The Fag Hag accompanied Fag Hag Mum to the hairdresser last week to deal with a code red situation. ‘I need to do something with this hair – I look like a roundhead!’ she had cried out angrily in Sainsburys the other day. This had been confirmed by the old Doris Stokes-type nana waiting for a cooked chicken nodding solemnly in agreement. ‘There’s only one thing for it,’ I replied, ‘we need queens. And we need them fast’.So up we headed to Great Queen Street, for an appointment with my insanely hot and tragically for me, insanely gay hairdresser. He prodded and poked around Fag Hag mum’s crown like a surgeon doing a post mortem. ‘We need more volume, more sex appeal, more soft geometry – I’m thinking Mary Quant for the millennium. OK, let’s get to work – someone bring us some pink champagne pronto!’…
Fag Hag mum hadn’t been this bowled over since one of the drag queens at Madame JoJo’s serenaded her with ‘Let’s Go Fly a Kite’. ‘He’s so handsome! I bet he’s very popular on the scene darling,’ she whispered. If only you knew girlfren’. Before long Fag Hag Mum was looking like one hot momma. I even made her do a little Extreme Makeover pashmina twirl in front of the mirror.

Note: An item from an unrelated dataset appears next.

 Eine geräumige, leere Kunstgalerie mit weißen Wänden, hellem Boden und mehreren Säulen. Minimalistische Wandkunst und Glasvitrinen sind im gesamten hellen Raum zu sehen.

To round the day off in fabulous style we decided to head over to Me Me Me’s offices to meet the gorgeous folks there. ‘Haven’t you got amazing eyes?’ she said to one of the crew in a manner that was very Entertaining Mr Sloane before regaling them with tales of brothels in Sudan and Nigerian bushmen stepfathers.
‘Do you know darling, we’ve spent time with such lovely people,’ she smiled on the way home. ‘Yep,’ replied the Fag Hag, ‘and not a straight man amongst them.’
Fag Hag mum rolled her eyes. ‘Well of course not! Why do you think we had such a fabulous day?’